Do you need to file bankruptcy?
If you're in default on multiple debts or are at risk of losing property to foreclosure, repossession, or garnishment you should talk to an experienced bankruptcy attorney.
Do your monthly obligations exceed your monthly income?This is often the primary indicator that something is wrong with someone's overall finances: there's simply more money going out than coming in each month. Sure, from time to time everyone needs to dip into their savings account or put some larger purchases on credit. But if either of these are the norm rather than the exception, there's is an underlying problem that needs to be addressed - and the sooner the better. It's been my experience that most people in this situation didn't set out to have negative cashflow; instead, they experienced some significant change in circumstance such as the loss of a job, underemployment, divorce, or an extended medical issue. If all of this sounds familiar, talk to an attorney about what your options might be. Most bankruptcy attorneys offer free consultations and are happy to serve as a sounding board for how you might be able to resolve these debts.
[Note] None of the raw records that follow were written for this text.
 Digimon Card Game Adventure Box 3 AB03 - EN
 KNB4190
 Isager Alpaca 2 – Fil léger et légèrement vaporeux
What non-bankruptcy options are available to you? Are they feasible?If someone's credit is in good condition, they may be eligible for a consolidation loan; local credit unions are often an excellent resource for these types of loans. Or if they have equity in their home, now might be a good time to consider a cash-out refinance and use some of those proceeds to pay down or pay off high interest accounts. And, as difficult as it may seem, sometimes we might need to swallow our pride and ask family members for help if they're in a position to do so. But if someone's credit is shot, if they don't have any assets they can leverage, and if their family is unable to unwilling to assist, it's time to schedule a consultation with an attorney who specializes in representing debtors filing for bankruptcy protection.
Are you danger of losing property due to foreclosure, repossession, or garnishment?If so, the metaphorical fire alarm is ringing and you need someone to help you protect your property. Not only can such actions result in the loss of property and wages, but they can bring additional negative impacts to your credit once it comes time to recover and rebuild. A bankruptcy filing can prevent these actions and, in most cases, allow for reasonable repayment over an extended period of time if it makes sense to retain the property. Alternatively, perhaps it's best to stop putting good money after bad and finally move on via a fresh start. The particulars of your situation, including your ability and desire to retain property, is best discussed with an attorney who exclusively represents debtors in bankruptcy proceedings. In my opinion, this is not a conversation to be had with a general practitioner; bankruptcy is such a niche practice that it's best to focus your search on those who do this kind of work all day every day and let them guide you towards a successful resolution.